According to a source that News24 spoke to on Tuesday afternoon, the EFF’s reasons for rejecting a coalition deal with either the ANC or DA is because it might give them more power in the long run.
The source reportedly said: “A once-off coalition deal would give the EFF less bargaining power. Now they have to be bought over every time [before] a budget or by-laws can be approved.”
However, the source cautioned that the tactic might prove to be a difficult balancing act. If the party decides to abstain from critical processes in a metro council in Johannesburg or Tshwane, that would trigger fresh elections due to the inability to pass a budget.
The red berets would reportedly not be keen on this, as another election would prove expensive and the ANC has far more resources to mount a fresh campaign than either the EFF or DA have access to. This would particularly be the case if the full might of the ANC will be brought to bear on one two metros at one time, instead of having to be spread countrywide, as was the case ahead of August 3’s polls.
The EFF may be willing to go for re-election in places like “like Thabazimbi and Rustenburg”.
EFF national spokesperson Mbuyiseni Ndlozi told journalists at the party’s headquarters in Johannesburg that everything would be “solidified” once the EFF speaks.
“Because we hold the key to a lot of classrooms where people are to be taught a lot of lessons,” Ndlozi said. “This is going to be a long window of multiple ongoing talks.”

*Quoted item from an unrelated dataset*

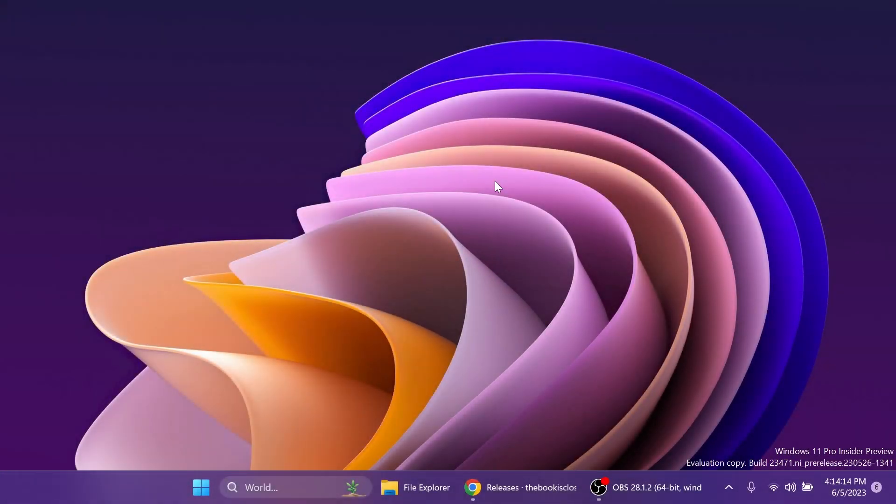Hi guys and welcome to TechBased. In this video, we're going to talk about the new Windows Search UI that we can encounter in the build 23471, the latest build from the dev channel of the Windows Insider program.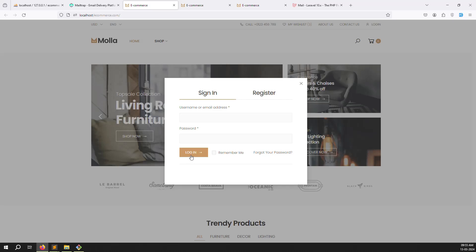In the next video we will implement login — checking if the email and password match what's in the database. If not correct, we tell the user. If the email is not verified, we remind them to verify first. After registration and login are done, we'll move on to place order functionality. If you liked this video please like, subscribe, and thank you for watching.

Numerous conflicting reports about the EFF’s possible coalition plans have been circulating on Tuesday ahead of its announcement on Wednesday afternoon in Alexandra. The ANC had already confirmed that they were turned down, while the DA reportedly remained hopeful that a memorandum of understanding could still be signed on Tuesday night.
Political analyst Ralph Mathekga told The Citizen that both the DA and EFF would use their media briefings to defend their positions.
“Both would want to secure victory,” Mathekga said. “But they reality is they are equally stranded in no man’s land.”
Constitutional law expert Pierre de Vos writing in his blog Constitutionally Speaking says if no party wins an outright majority of seats on a council and no coalition is formed in an executive mayoral system, it would render the council extremely unstable.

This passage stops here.